== Segment start ==

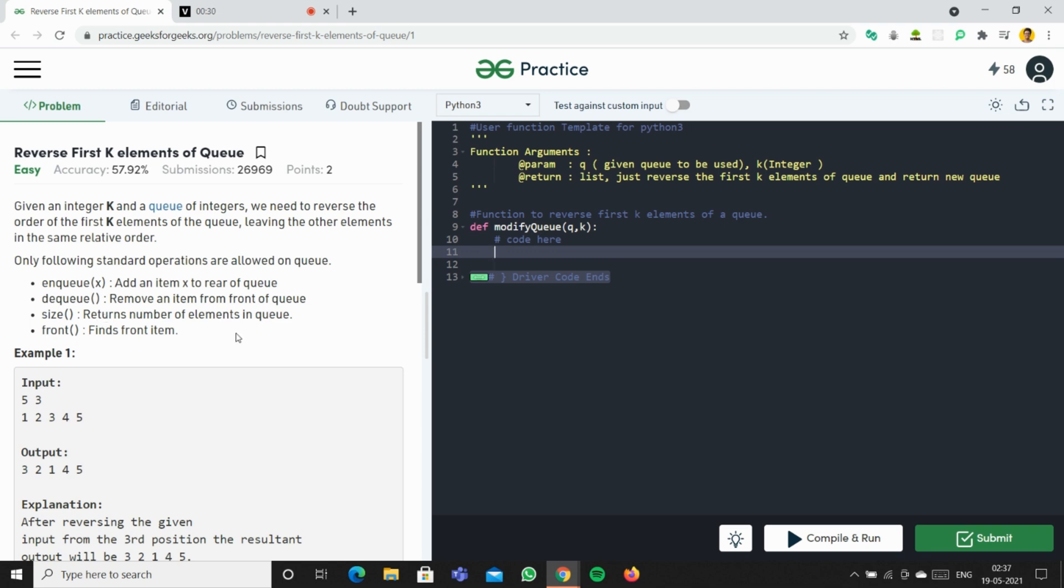So what we do in this problem is we can create an extra queue. After creating an extra queue, we can pop the first elements from the queue. The queue is a FIFO (first in, first out) principle, so we can pop the first element till the kth element from the queue.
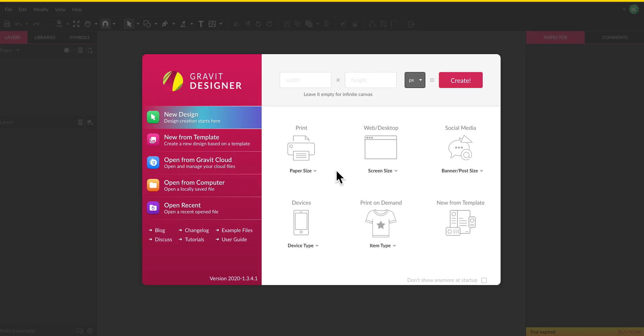Hey everyone, welcome back. This is going to be another Gravit Designer tutorial and this one I'm going to show you how to use the awesomely mighty pen tool.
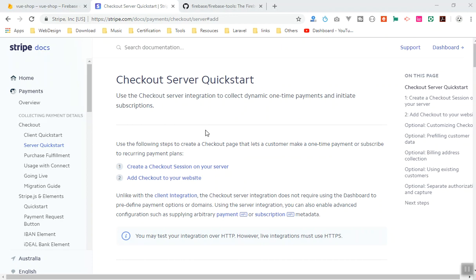Hello and welcome. In this video I'm going to show you how you can deploy your Vue application into Firebase. We have an existing project, and in the previous video we learned about different ways of checkout in Stripe.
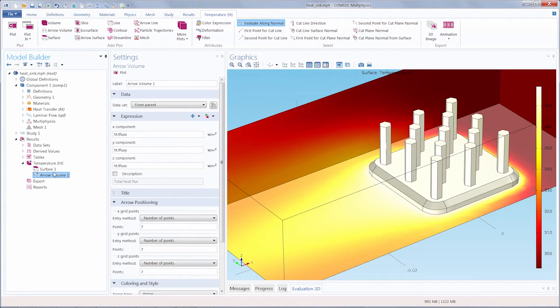Since this is a volume plot, we are plotting in three dimensions, but an arrow surface will plot on surfaces or boundaries. An arrow line will plot on edges.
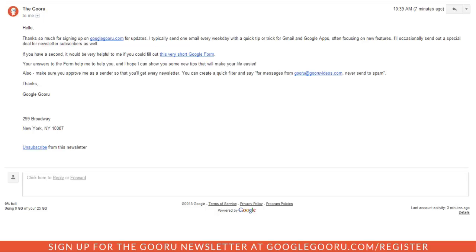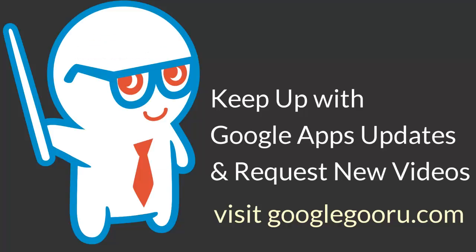So that's just a quick easy way to make sure your favorite emails get delivered to your inbox from your favorite newsletters. Obviously we hope you guys sign up for the Google Guru newsletter so we want to make sure that all of our messages get delivered to you in a timely manner. If you guys have any questions, please leave us a comment in the section below the video. Thanks.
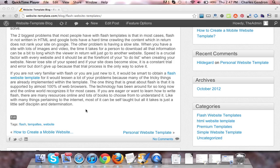If you are eager or want to learn how to write Flash, there are many resources online, and lots of books to choose from to understand it. Like with many things pertaining to the internet, most of it can be self-taught, but all it takes is just a little self-discipline and determination.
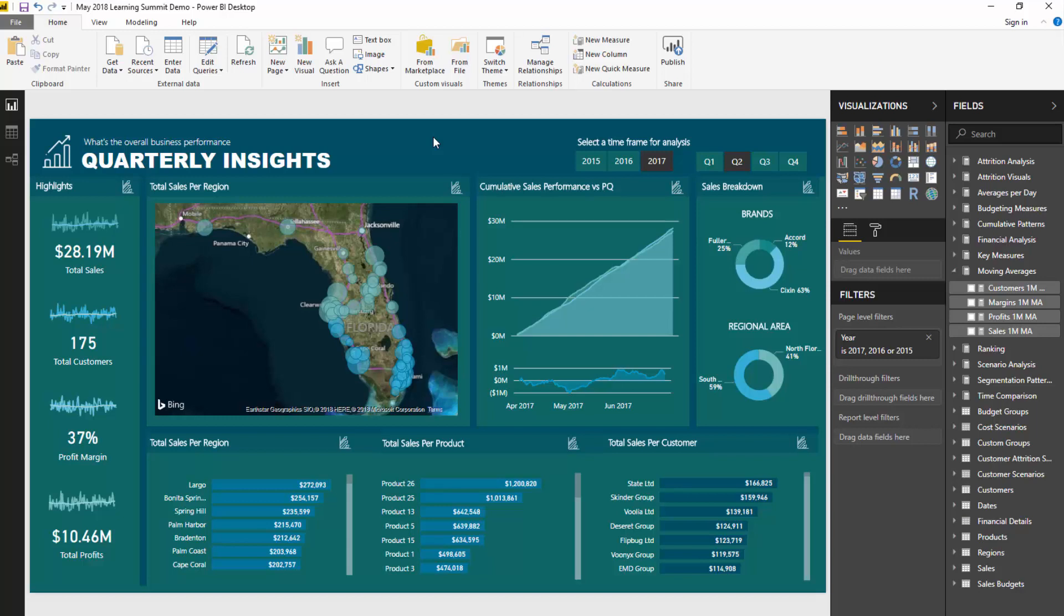The key about the Learning Summit and where this differs from all other content that Enterprise DNA or anyone puts out on Power BI is it's all about how to build high-quality practical solutions from start to finish. It's not just showing one isolated thing - it's how do you build this overall great, compelling solution.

== Segment end ==

§ **Required work**
Pictures do not belong in the copy. Reproduce the rest of the data exactly.

§ **Response box**
So what we do in this problem is we can create an extra queue. After creating an extra queue, we can pop the first elements from the queue. The queue is a FIFO (first in, first out) principle, so we can pop the first element till the kth element from the queue.
Hey everyone, welcome back. This is going to be another Gravit Designer tutorial and this one I'm going to show you how to use the awesomely mighty pen tool.
Hello and welcome. In this video I'm going to show you how you can deploy your Vue application into Firebase. We have an existing project, and in the previous video we learned about different ways of checkout in Stripe.
Since this is a volume plot, we are plotting in three dimensions, but an arrow surface will plot on surfaces or boundaries. An arrow line will plot on edges.
So that's just a quick easy way to make sure your favorite emails get delivered to your inbox from your favorite newsletters. Obviously we hope you guys sign up for the Google Guru newsletter so we want to make sure that all of our messages get delivered to you in a timely manner. If you guys have any questions, please leave us a comment in the section below the video. Thanks.
If you are eager or want to learn how to write Flash, there are many resources online, and lots of books to choose from to understand it. Like with many things pertaining to the internet, most of it can be self-taught, but all it takes is just a little self-discipline and determination.
The key about the Learning Summit and where this differs from all other content that Enterprise DNA or anyone puts out on Power BI is it's all about how to build high-quality practical solutions from start to finish. It's not just showing one isolated thing - it's how do you build this overall great, compelling solution.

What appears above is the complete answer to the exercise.